Provided records >>
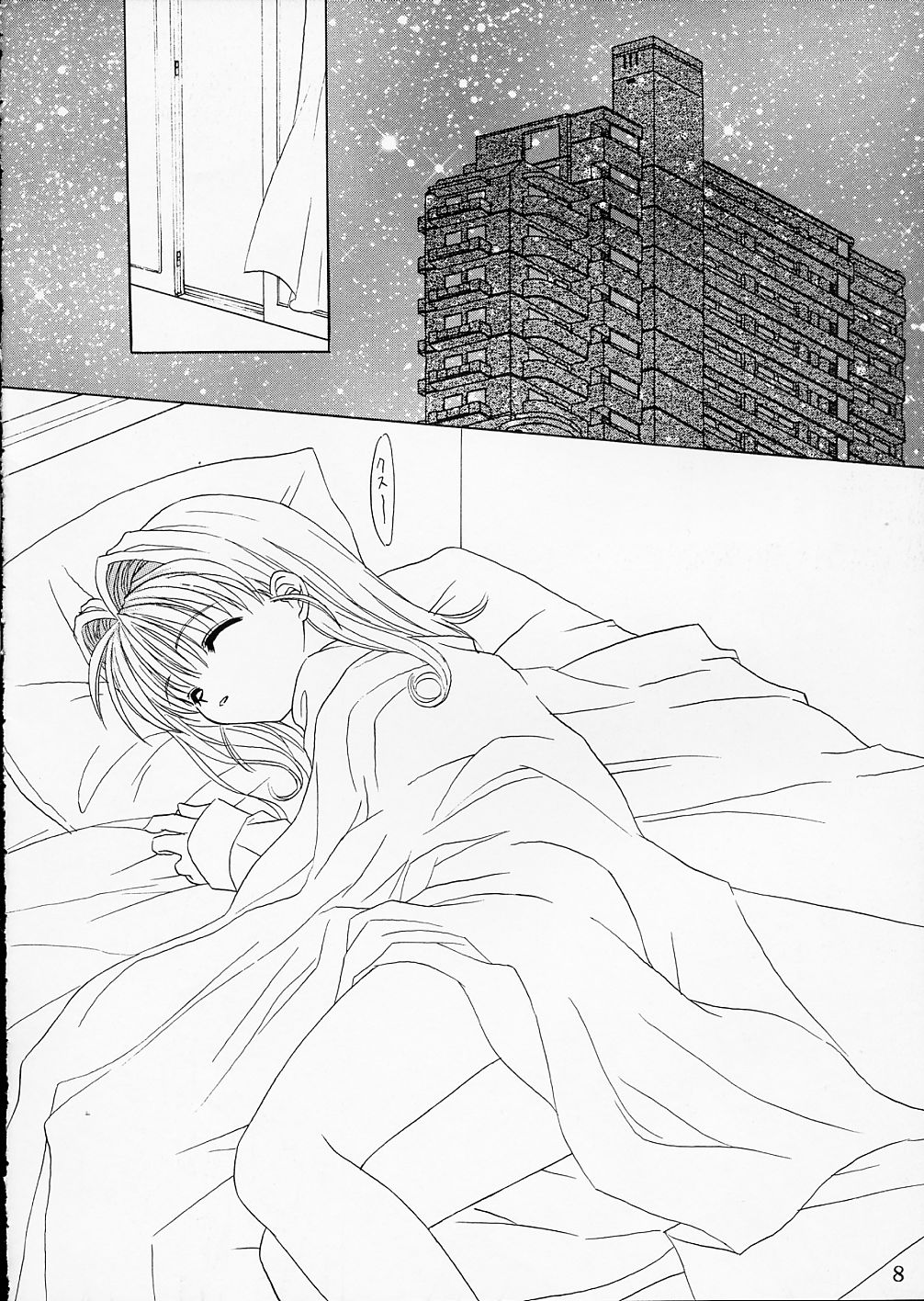 PINK GRAPEFRUIT page 6 full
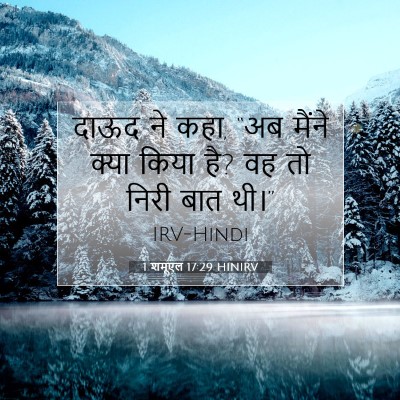 Picture 07 - 1 शमूएल 17:29 HINIRV - दाऊद ने कहा, “अब - Bible Verse Picture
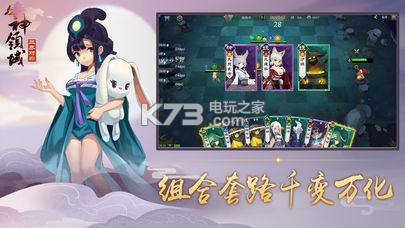 眾生領(lǐng)域三界自走棋 v1.0.2 下載 截圖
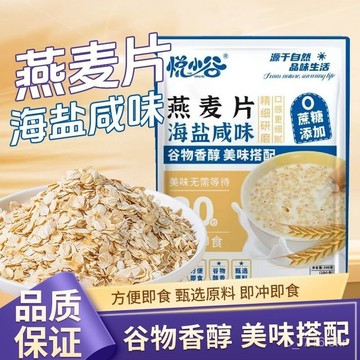 海鹽鹹味燕麥片 0蔗糖 鹹口麥片 早餐卽食衝飲 海鹽鹹麥片300克/袋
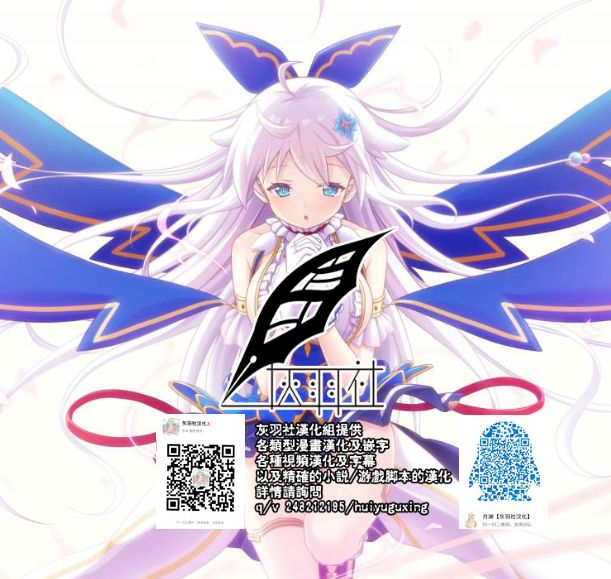 [SST] 隣に住む外国人妻を旦那が居ない間に寝取る [中国翻訳]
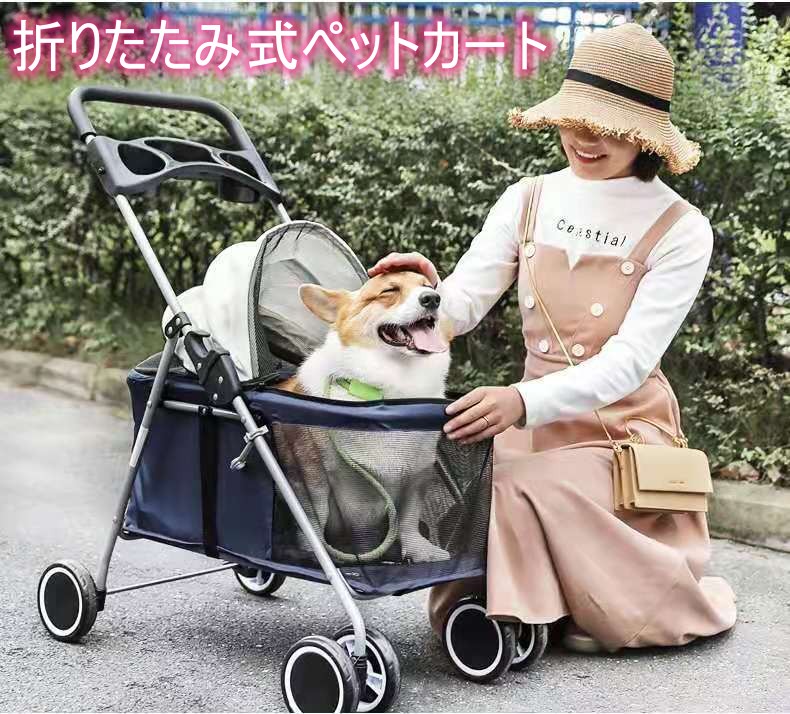 ペットカート 多頭 小型犬 中型犬 犬 カート バギー ミニ ペットバギー 低い 折りたたみ 4輪 耐荷重15kg コンパクト 犬用 飛び出し防止 軽量 ペットキャリーカート 猫 防災 グッズ クッション おしゃれ 送料無料|Appiy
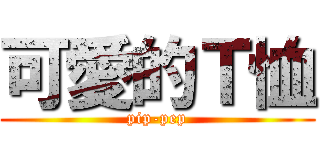 可愛的Ｔ恤 (pip-pep)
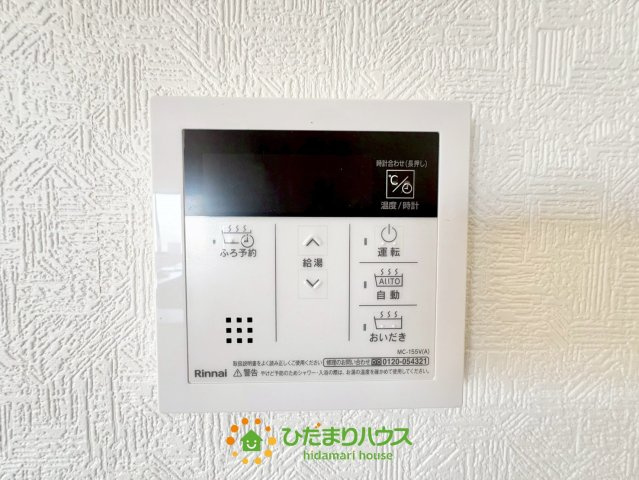 幸手市西第７　新築一戸建て　03　クレイドルガーデンの発電・温水設備|2026/07/09　撮影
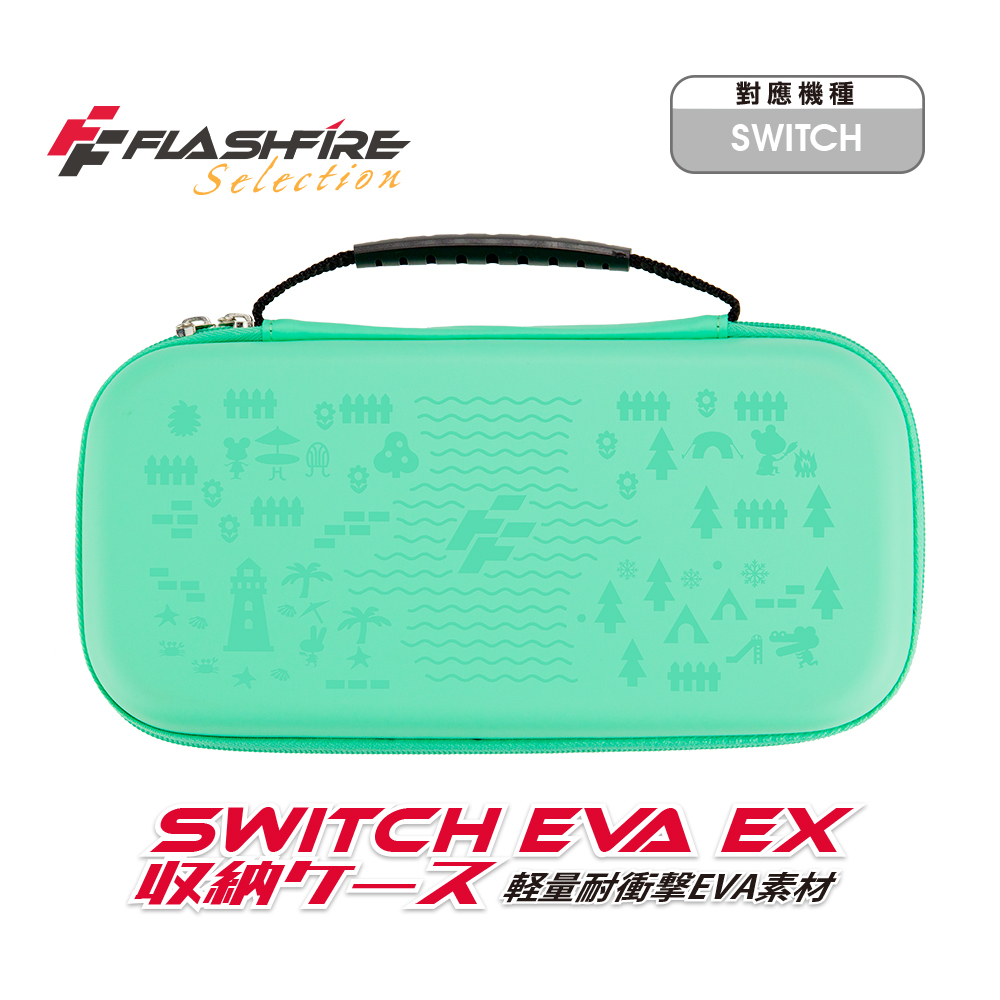 【FlashFire】EVA EX Switch晶亮收納保護包 動物森友會元素浮水印, , large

Work request >> From the first line to the last, write out the data exactly, dropping any pictures.

Answer for the task >>
 PINK GRAPEFRUIT page 6 full
 Picture 07 - 1 शमूएल 17:29 HINIRV - दाऊद ने कहा, “अब - Bible Verse Picture
 眾生領(lǐng)域三界自走棋 v1.0.2 下載 截圖
 海鹽鹹味燕麥片 0蔗糖 鹹口麥片 早餐卽食衝飲 海鹽鹹麥片300克/袋
 [SST] 隣に住む外国人妻を旦那が居ない間に寝取る [中国翻訳]
 ペットカート 多頭 小型犬 中型犬 犬 カート バギー ミニ ペットバギー 低い 折りたたみ 4輪 耐荷重15kg コンパクト 犬用 飛び出し防止 軽量 ペットキャリーカート 猫 防災 グッズ クッション おしゃれ 送料無料|Appiy
 可愛的Ｔ恤 (pip-pep)
 幸手市西第７　新築一戸建て　03　クレイドルガーデンの発電・温水設備|2026/07/09　撮影
 【FlashFire】EVA EX Switch晶亮收納保護包 動物森友會元素浮水印, , large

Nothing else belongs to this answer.